The rule of thumb: push every guardrail you can down to the layer that can't be talked out of it. A user can talk the model out of a system-prompt rule. A user cannot talk a tool that doesn't exist into existing. So if the real constraint is "never move money over $500 without a human," that belongs in the tool's permission model — a hard cap and a required approval step — not in a paragraph asking the model nicely.
Write the failure modes before you write the rules
Most guardrail docs are a list of "the agent should" statements. Those are aspirations. Start from the other end: enumerate the specific bad outcomes, ranked by cost, and design backward from each one. A guardrail with no named failure mode behind it is decoration.
For a customer-facing agent the high-cost failures usually cluster into five buckets: it says something false that the customer relies on; it leaks data belonging to another customer; it takes an action it shouldn't (refund, cancel, escalate-to-nowhere); it gets manipulated into off-policy behavior; and it fails silently — confidently answering when it should have handed off. Notice that only one of those, falsehood, is what people usually mean by "hallucination." The other four are access, action, adversary, and abdication. Each needs a different layer, which is the whole point of having four.
Rank them by what one instance costs you, not by how often you imagine it happening. A confidently wrong shipping-policy answer is cheap to absorb and easy to correct. One cross-customer data exposure can be a breach-notification event. The dollar gap between those two is the reason you spend your guardrail budget on the boring access controls before the clever conversational ones.
“The question is never "is the agent safe?" It's "what is the worst thing this agent can do in one turn, and what stops it?" If you can't answer the second half for each failure mode, that's your backlog.
The data boundary is the guardrail nobody writes down
Here's the part the demos skip. The most dangerous customer-facing failure isn't a rude answer — it's the agent retrieving and exposing the wrong customer's data. And that failure is almost never caused by the model. It's caused by retrieval that ran with more access than the user in front of it should have.

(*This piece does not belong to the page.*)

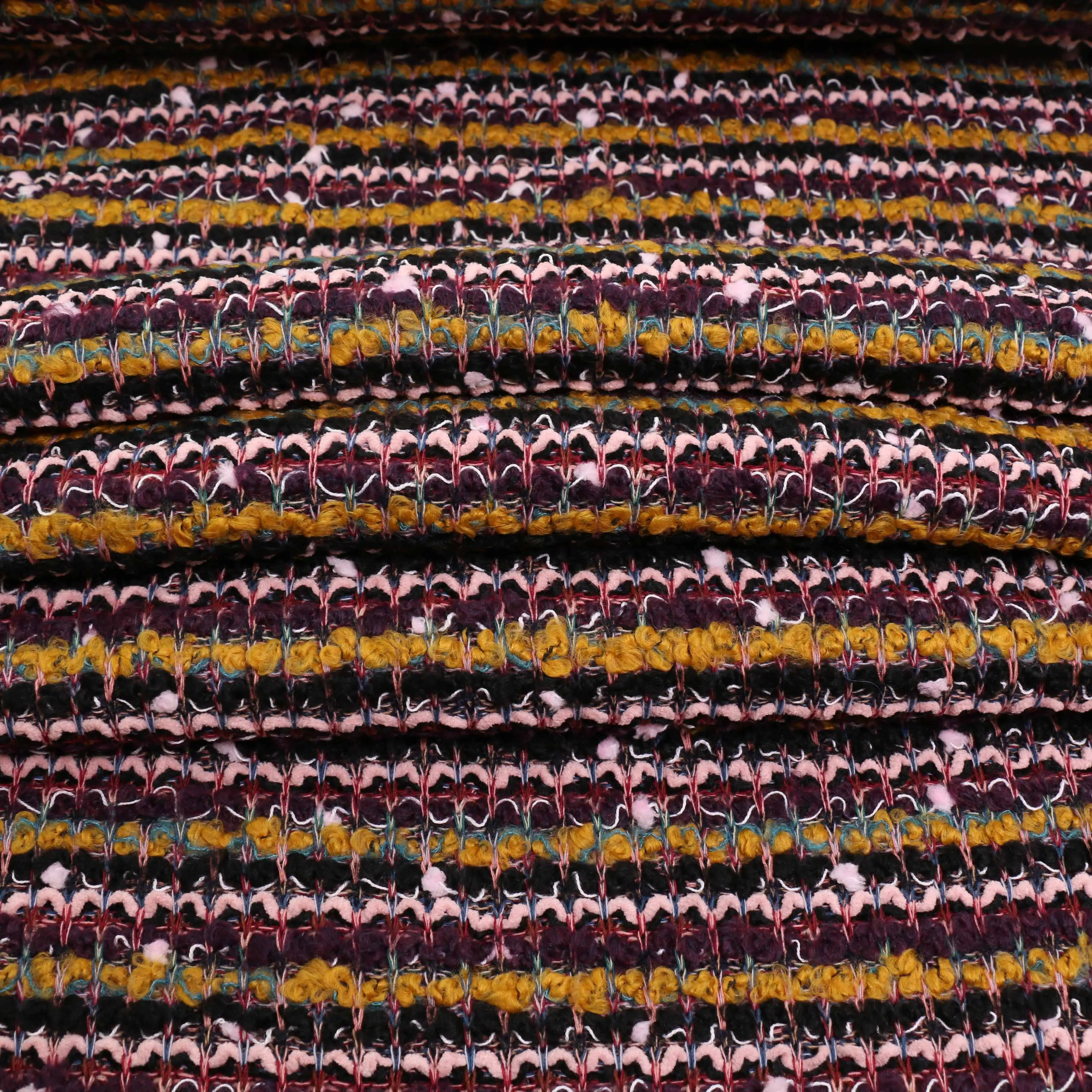 Boucle Jersey Fabric - Mustard, plum, red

If your agent grounds answers in a knowledge base or customer records, the question that matters is: whose permissions did the retrieval run under? An agent that queries with a service account that can see everything will, eventually, surface something it shouldn't — not because it was jailbroken, but because the grounding step had no boundary. On Salesforce this is concrete: Data Cloud and the platform sharing model can scope what a given session can retrieve, so the agent literally cannot ground in records the contact has no right to. That's an enforced boundary, not a prompted one — and the same principle holds off-platform: scope retrieval to the end user's identity, not a god-mode integration token. The cleanest guardrail is the data the agent was never able to fetch in the first place.

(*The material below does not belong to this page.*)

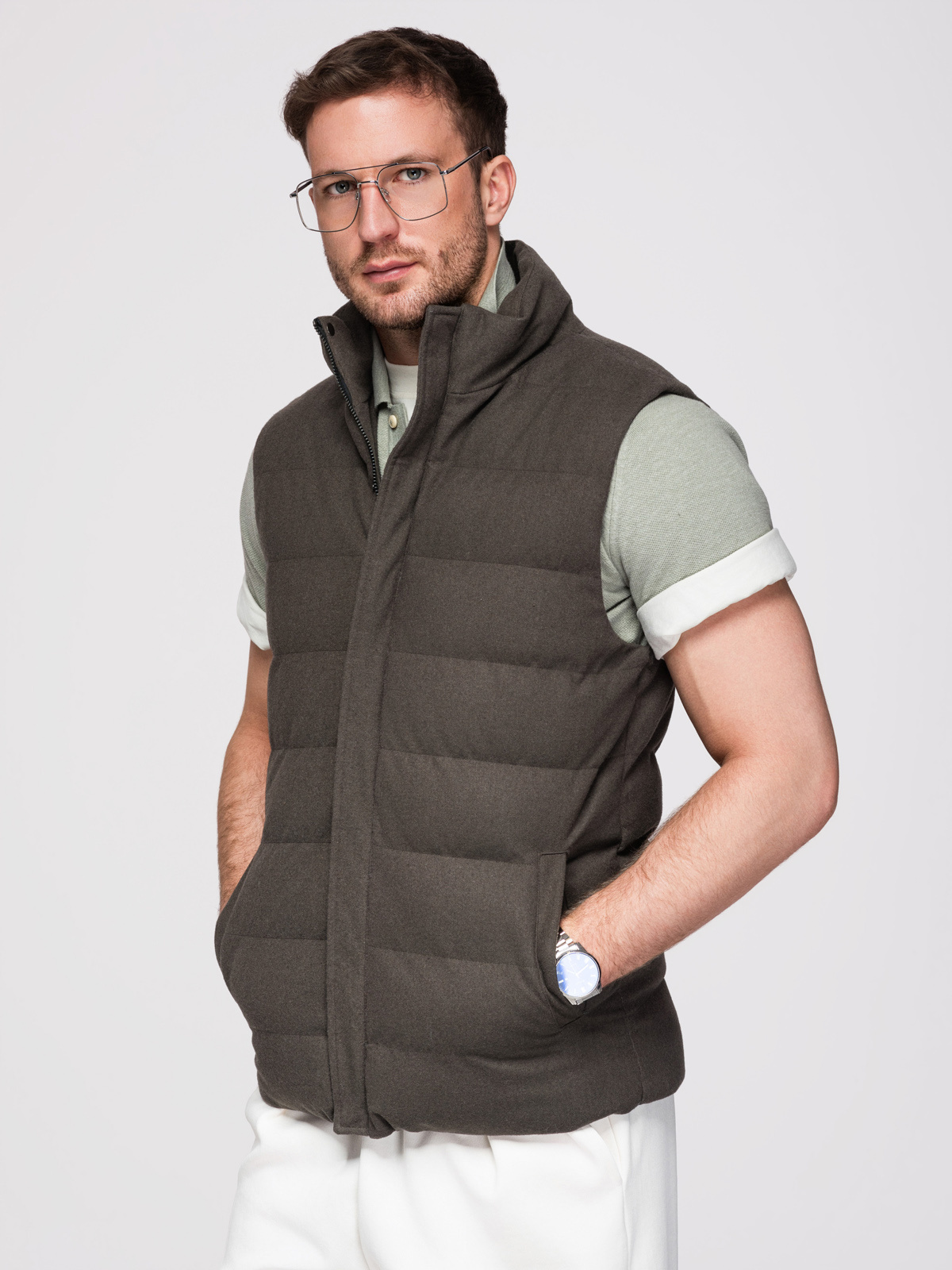 Ombre Men's quilted wool sleeveless jacket - olive melange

This is also why "data before agents" isn't a slogan. If your access model is a mess, no prompt fixes it — you've just built a very articulate way to leak. Get the retrieval scope right and a whole category of guardrails becomes unnecessary, because the failure is structurally impossible instead of merely discouraged.
Make refusals do work, not just say no
A blunt "I can't help with that" is a guardrail that produces a support ticket. The refusal is correct and the experience is a failure. Good guardrails are designed with the off-ramp attached: when the agent declines, it should route — to a human, to a form, to a different flow — and carry the context with it so the customer doesn't repeat themselves.

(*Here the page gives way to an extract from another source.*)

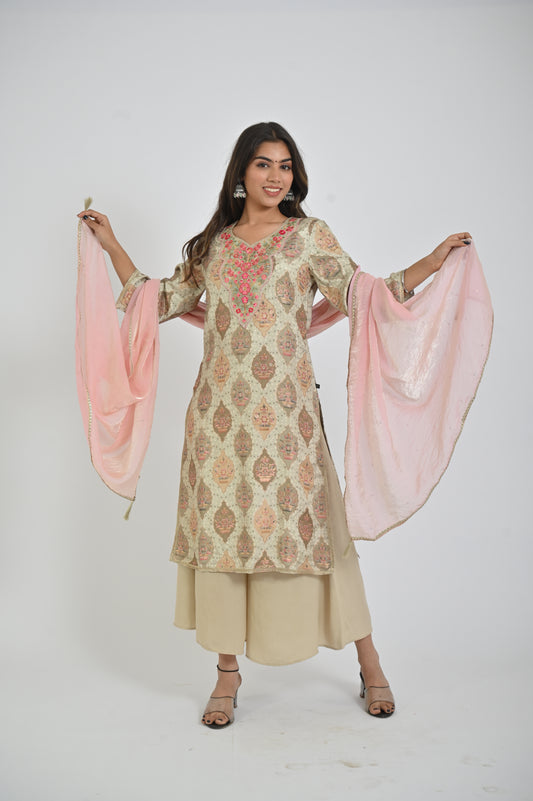 Golden Kurta and Palazzo with Contrast Dupatta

Design every "the agent must not" with a paired "so instead it will." Must not give a binding price? Then it offers to connect a rep and logs the intent. Must not process a refund over the cap? Then it opens a case pre-filled with the order. The guardrail and the handoff are one design, not two. An agent that only knows how to stop is a worse agent, not a safer one — and a clean handoff is often a better outcome than the answer the customer asked for.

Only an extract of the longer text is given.